Sitting next to the main NPU is a smaller, always-on AI accelerator called the eNPU. Its job is the quiet background stuff: listening for wake words, figuring out whether you’re walking or running, and cleaning up noise during calls. Qualcomm calls these “low-power islands,” separate mini-processors inside the main chip that each handle one job (audio, sensors, or display) without waking the rest of the system. It’s a smarter way to split the workload, and it replaces the older co-processor design Qualcomm used in previous wearable chips.

For Samsung, which has been leaning hard into AI across its product line since the Galaxy S24 series, picking a chip that already does on-device AI well makes more sense than trying to build those same capabilities into its own wearable silicon from scratch.

Not just for watches

Qualcomm isn’t positioning the Wear Elite as a smartwatch chip alone. The platform supports a range of wearable form factors, including smart glasses, AI pendants, and camera-equipped pins. Depending on the display and camera configuration, it can serve as an alternative to Qualcomm’s existing Snapdragon AR1 and AR2 families, which is a telling signal about where the company sees wearable computing heading.

Qualcomm Snapdragon Wear Elite Chip




Alex Katouzian, Qualcomm’s EVP and Group General Manager of Mobile, Compute, and XR (MCX), framed it this way: these devices are “no longer simply extensions of the smartphone, but active participants in a distributed AI network.”

The life-logging potential is where things get interesting. Qualcomm envisions the Wear Elite powering devices that can recall contextual information on demand. Where you left your keys, which cafe you visited in Paris last week, what someone said during a meeting yesterday. That kind of ambient intelligence requires processing power that stays on without draining a battery in three hours, and the low-power island architecture is designed to solve exactly that problem.

Connectivity that matches the ambition

Qualcomm crammed six types of wireless connectivity into the Wear Elite: Wi-Fi 6, Bluetooth 6.0, ultra-wideband (UWB), satellite positioning (GNSS), a lightweight version of 5G called RedCap, and satellite connectivity (NB-NTN) for areas with no cell signal. That’s a lot of radios for a wrist-sized chip. UWB is the notable first here, since it lets you unlock doors or other devices just by wearing the watch nearby. The Wi-Fi radio also runs at 80 percent lower power than typical setups, so it can stay connected around the clock without wrecking battery life.
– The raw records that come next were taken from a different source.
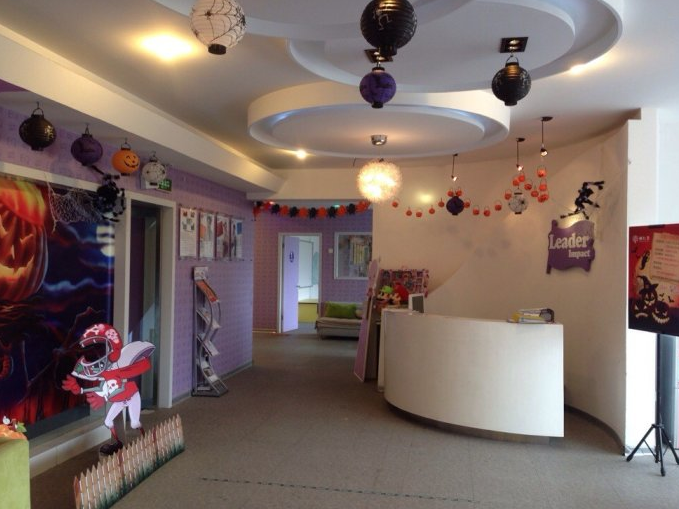 sunnyparlmu's tweet image. Don't neglect the safety of electricity when dressing up the room. It is necessary to prepare a #wireprotector for your #Halloween.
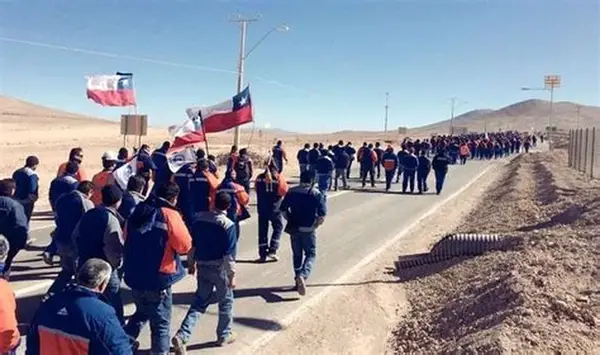 Minera Escondida comienza embargos de sueldos a trabajadores por fallo judicial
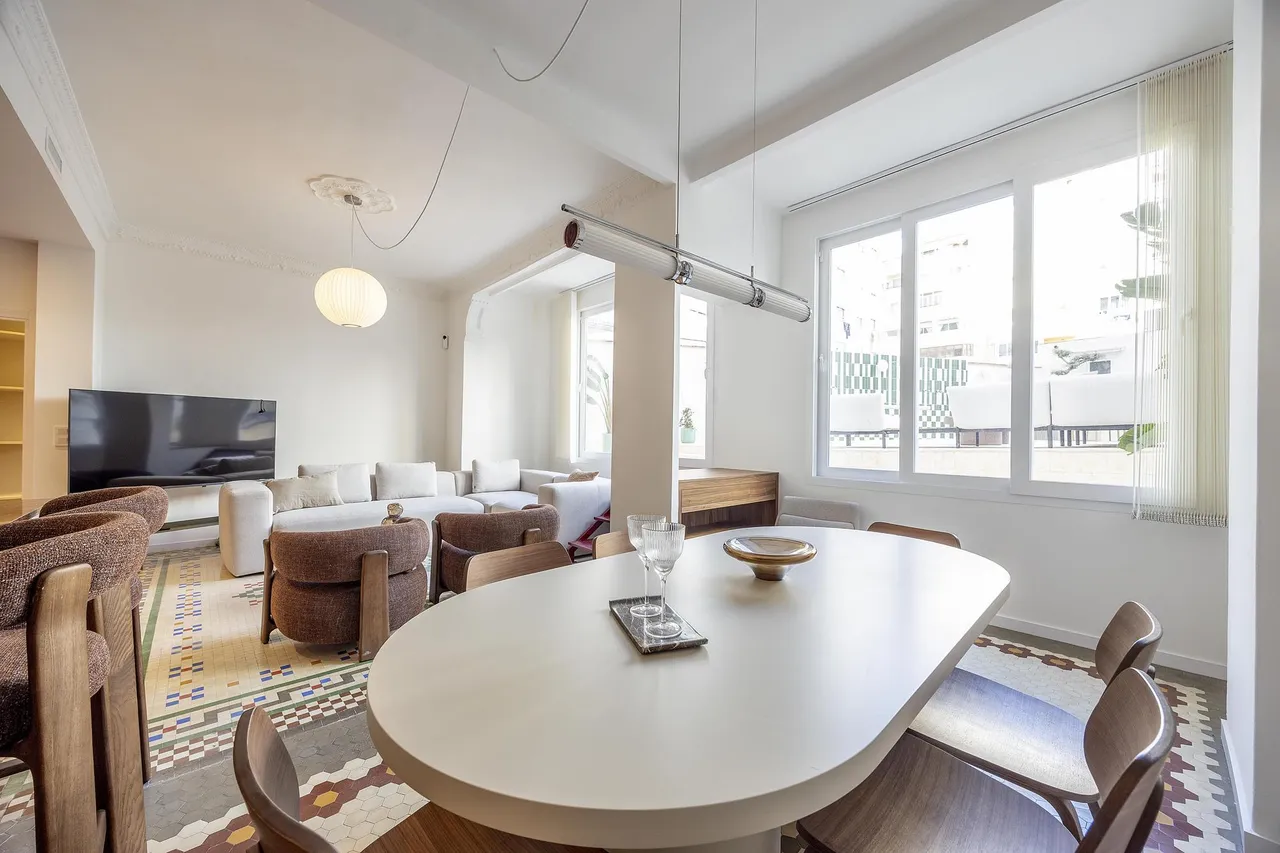 living - 230m² apartment with 75m² terrace for sale in Gran Vía - gallery - 3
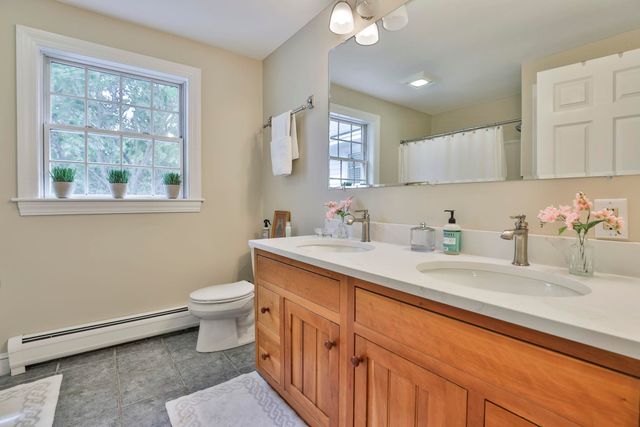 66A Merrimack Road, Amherst, NH 03031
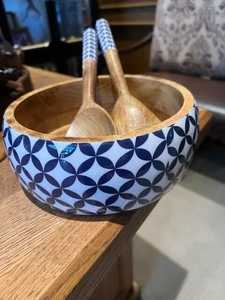 Cuenco de madera de mango de gran venta con esmalte seguro para alimentos, cuenco de madera para servir ensalada, cuenco de madera para servir frutas, precio al por mayor - Product Image 3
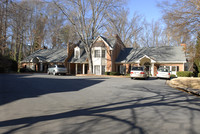 3075 Howell Mill Rd NW in Atlanta, GA - Foto de edificio - Building Photo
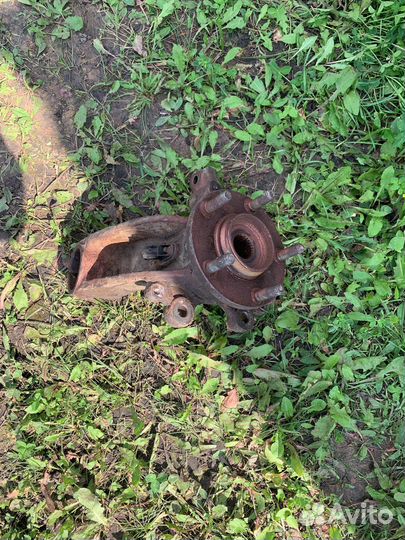 Цапфа левая mazda 3 bk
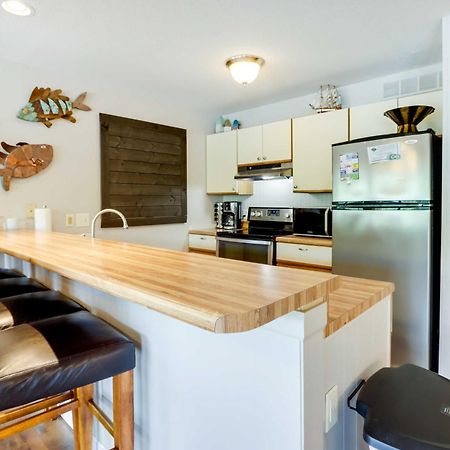 Lakefront Osage Beach Condo With Community Pool 외부 사진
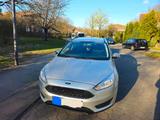 Ford Focus ecoboost 1.0 101 ps Topzustand - Ford Focus: E10
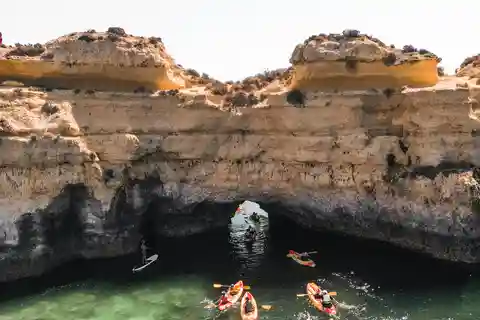 Albufeira: Kajak-Tour zu versteckten Höhlen und geheimen Stränden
Qualcomm Snapdragon Wear Elite Platform Standalone




Watch makers won’t have to use every radio, though. Qualcomm plans to sell versions of the chip with different wireless options, so manufacturers can pick what they need and keep costs in check.

Who’s building with it

Google offered its own endorsement at MWC, describing Wear OS as evolving “from an operating system to an always-with-you intelligent system.” Samsung’s confirmation puts the Galaxy Watch 9 or Galaxy Watch Ultra 2 in the likely launch window, though neither company specified which model comes first. Motorola’s Project Maxwell concept, shown at CES 2026, already runs on the Wear Elite.

Qualcomm Snapdragon Wear Elite for Smartwatches and Wearables

Qualcomm says the first commercial devices will arrive “in the next few months,” and the chip supports Android, Wear OS, and Linux for lighter operating systems. The Pixel Watch is conspicuously absent from official announcements, which is itself a curious omission. Google co-developed the Wear OS optimizations for this chip and spoke publicly about the platform’s AI future at the same event. The current Pixel Watch 4 runs on a custom Qualcomm chip, and with Google this deeply embedded in the Wear Elite’s software stack, the next Pixel Watch running anything else would be the real surprise.




Qualcomm Snapdragon Wear Elite Chip

The smartwatch chip race has been quiet for a long time, with incremental bumps that rarely changed what a watch could actually do. The Snapdragon Wear Elite feels like the first real shake of the table. Whether it delivers on that promise depends on what Samsung, Google, and Motorola build around it. But for the first time, the silicon isn’t the bottleneck.